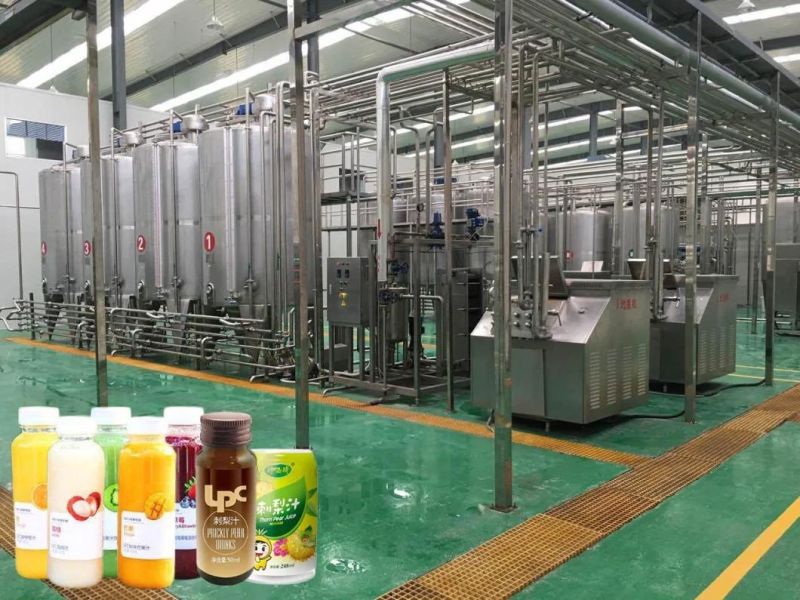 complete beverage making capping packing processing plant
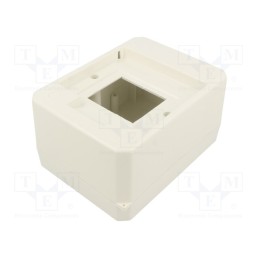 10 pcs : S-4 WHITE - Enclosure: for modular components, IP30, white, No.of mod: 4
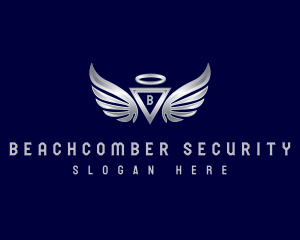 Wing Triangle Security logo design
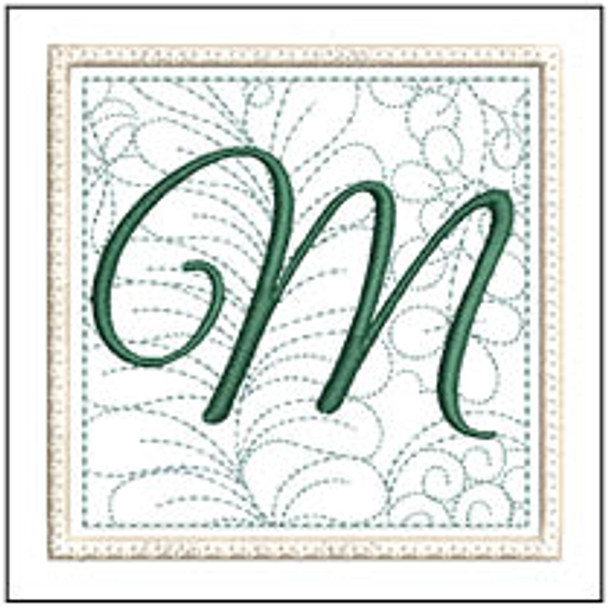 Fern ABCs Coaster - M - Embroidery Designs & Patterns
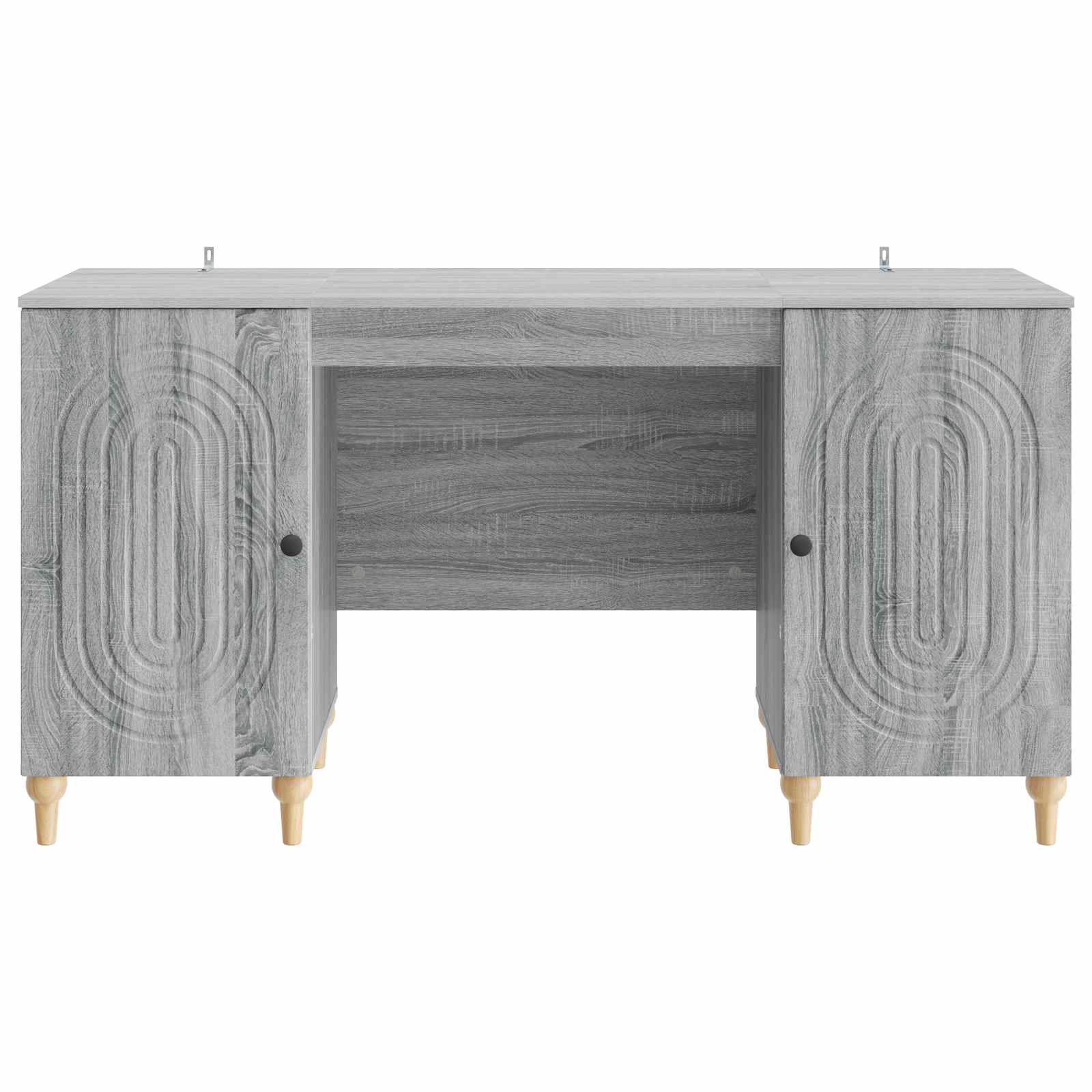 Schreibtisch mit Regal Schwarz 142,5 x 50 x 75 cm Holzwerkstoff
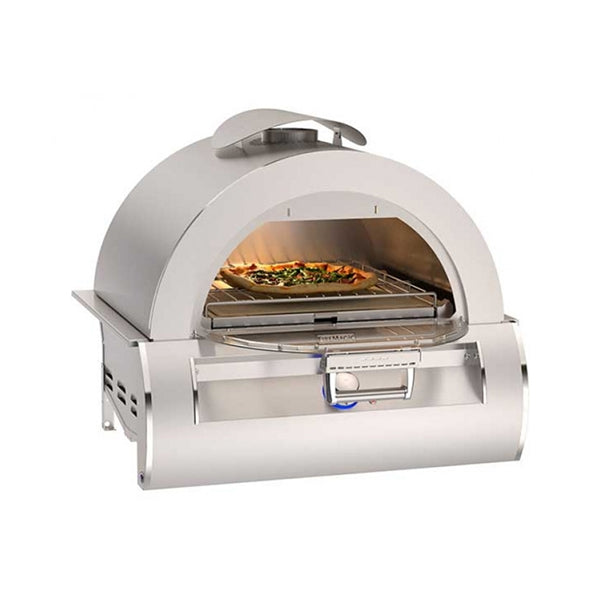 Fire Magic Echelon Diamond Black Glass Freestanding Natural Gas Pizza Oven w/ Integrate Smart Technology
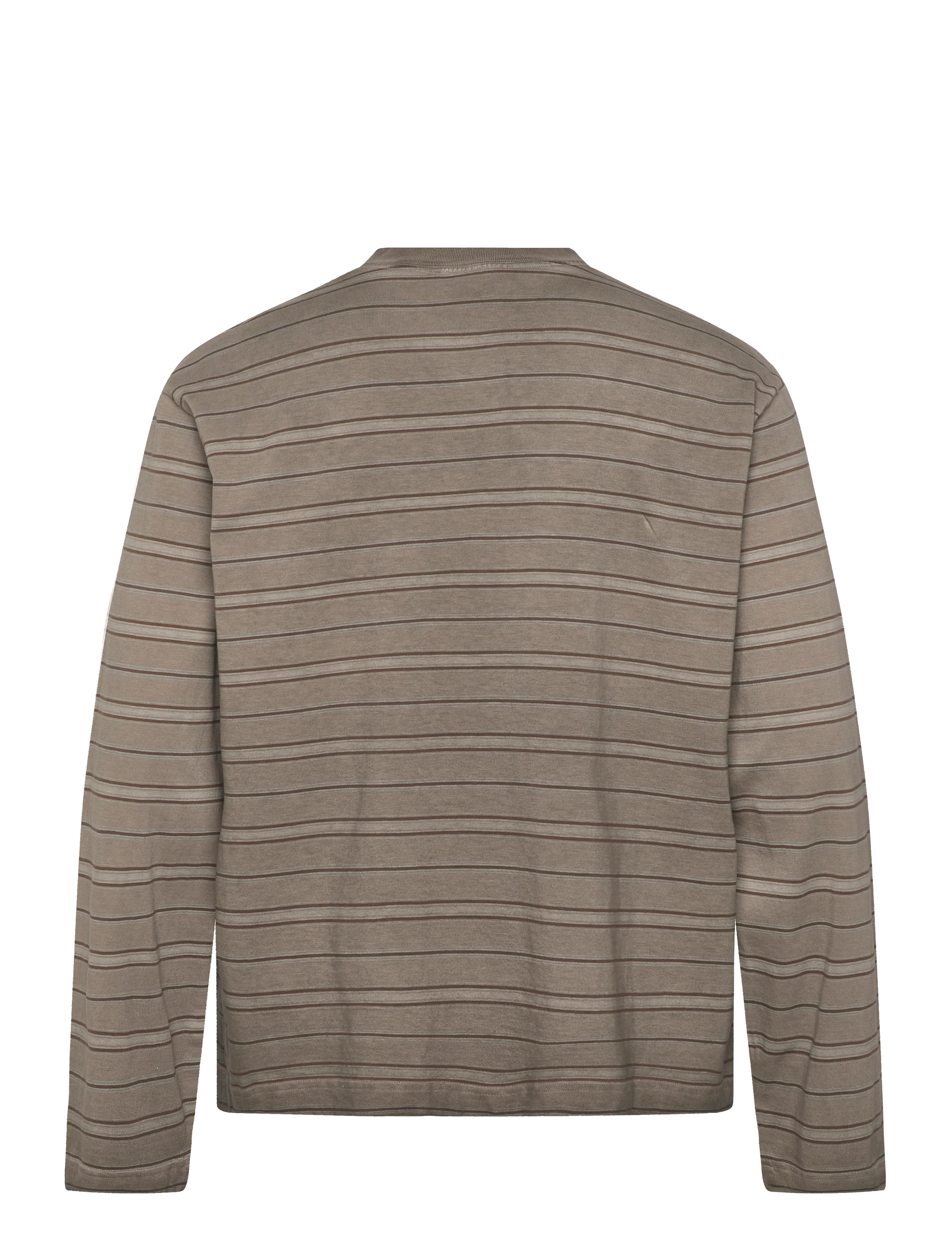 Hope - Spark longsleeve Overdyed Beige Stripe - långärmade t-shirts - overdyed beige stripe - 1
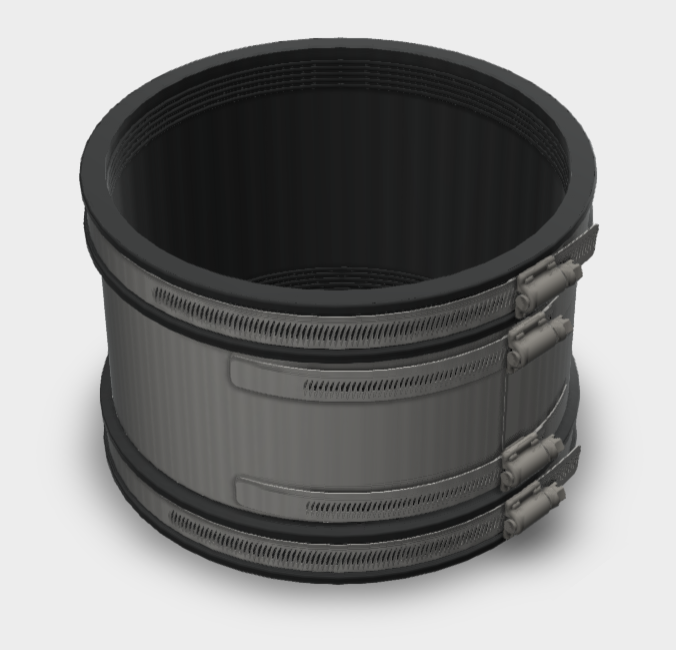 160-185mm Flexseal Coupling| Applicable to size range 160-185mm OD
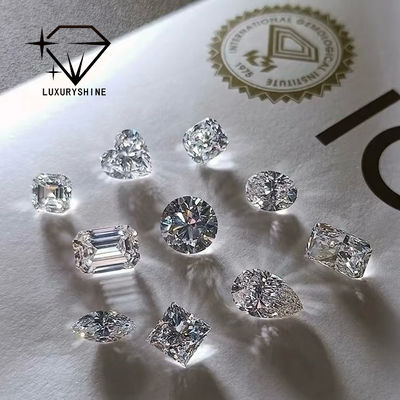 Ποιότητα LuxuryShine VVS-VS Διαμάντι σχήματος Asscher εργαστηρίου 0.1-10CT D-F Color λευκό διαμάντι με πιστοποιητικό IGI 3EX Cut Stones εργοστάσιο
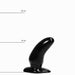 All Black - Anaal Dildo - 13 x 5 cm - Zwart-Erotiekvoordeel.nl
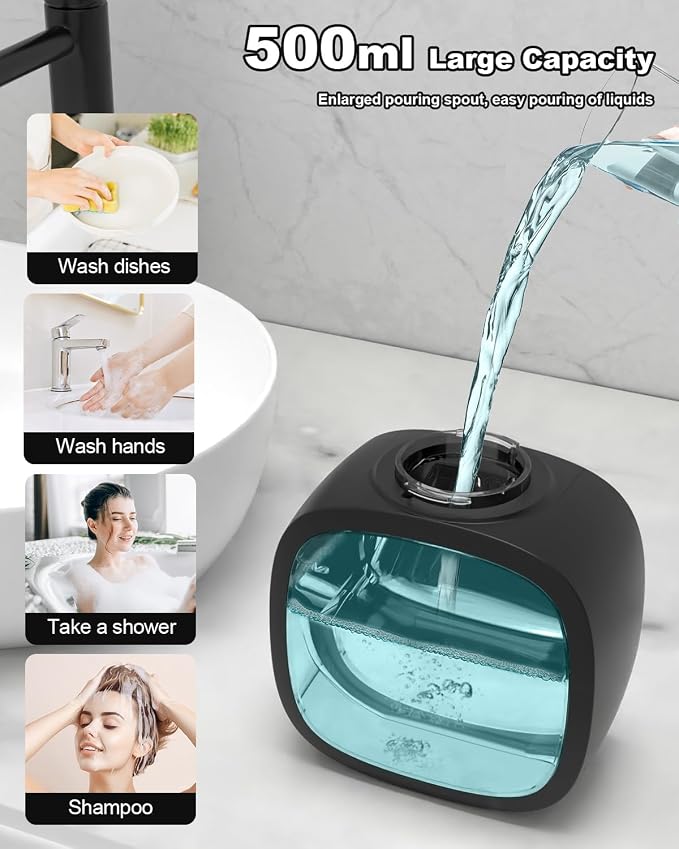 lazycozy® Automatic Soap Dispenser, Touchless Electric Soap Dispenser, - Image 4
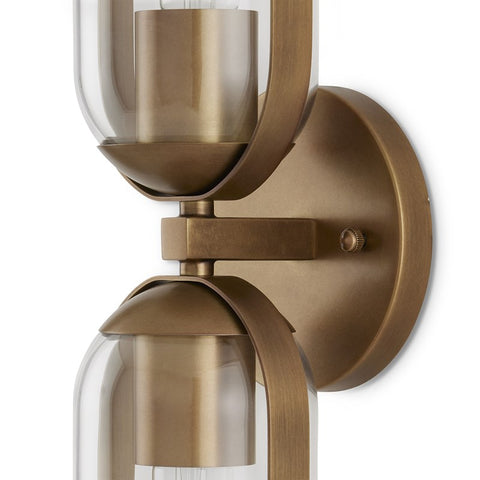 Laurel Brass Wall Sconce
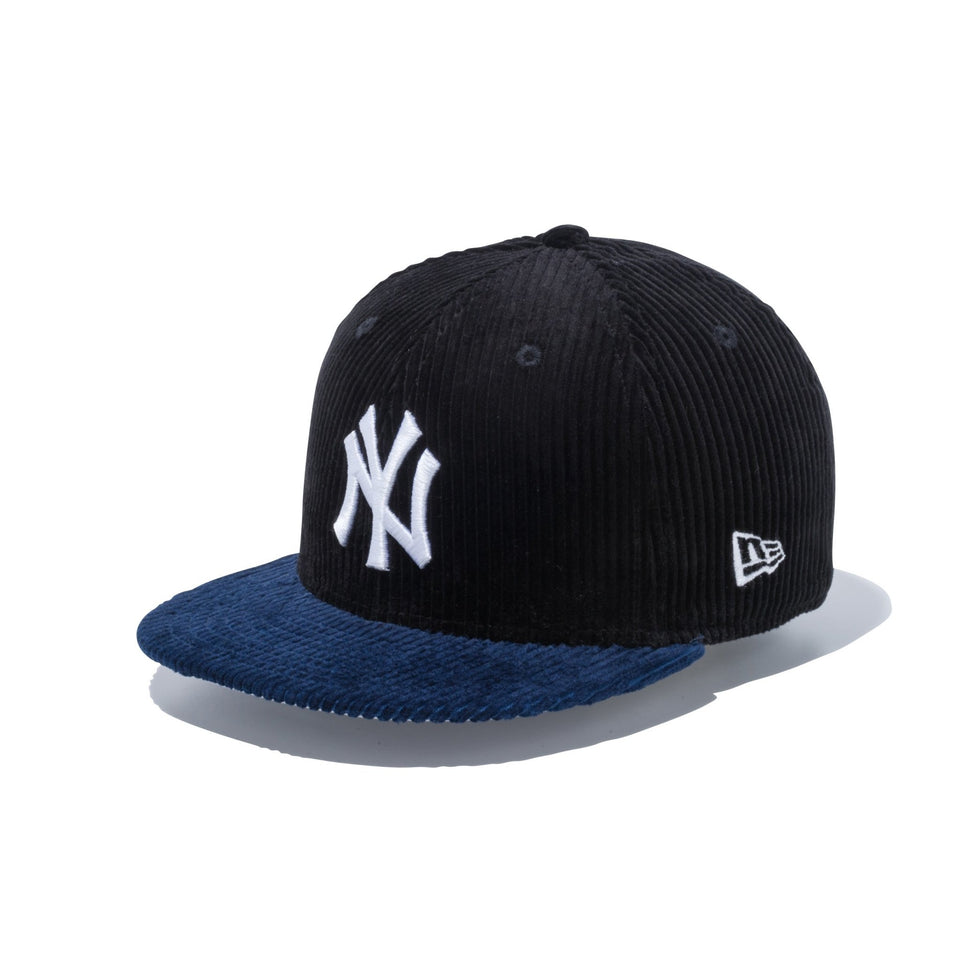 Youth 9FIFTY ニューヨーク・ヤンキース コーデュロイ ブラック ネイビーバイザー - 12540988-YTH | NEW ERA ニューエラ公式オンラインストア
^^^^^^^^^^^^^^^^
_Problem requirements_
Word for word, give the entries above again, with no images included.

_Output for this task_
 complete beverage making capping packing processing plant
 10 pcs : S-4 WHITE - Enclosure: for modular components, IP30, white, No.of mod: 4
 Wing Triangle Security logo design
 Fern ABCs Coaster - M - Embroidery Designs & Patterns
 Schreibtisch mit Regal Schwarz 142,5 x 50 x 75 cm Holzwerkstoff
 Fire Magic Echelon Diamond Black Glass Freestanding Natural Gas Pizza Oven w/ Integrate Smart Technology
 Hope - Spark longsleeve Overdyed Beige Stripe - långärmade t-shirts - overdyed beige stripe - 1
 160-185mm Flexseal Coupling| Applicable to size range 160-185mm OD
 Ποιότητα LuxuryShine VVS-VS Διαμάντι σχήματος Asscher εργαστηρίου 0.1-10CT D-F Color λευκό διαμάντι με πιστοποιητικό IGI 3EX Cut Stones εργοστάσιο
 All Black - Anaal Dildo - 13 x 5 cm - Zwart-Erotiekvoordeel.nl
 lazycozy® Automatic Soap Dispenser, Touchless Electric Soap Dispenser, - Image 4
 Laurel Brass Wall Sconce
 Youth 9FIFTY ニューヨーク・ヤンキース コーデュロイ ブラック ネイビーバイザー - 12540988-YTH | NEW ERA ニューエラ公式オンラインストア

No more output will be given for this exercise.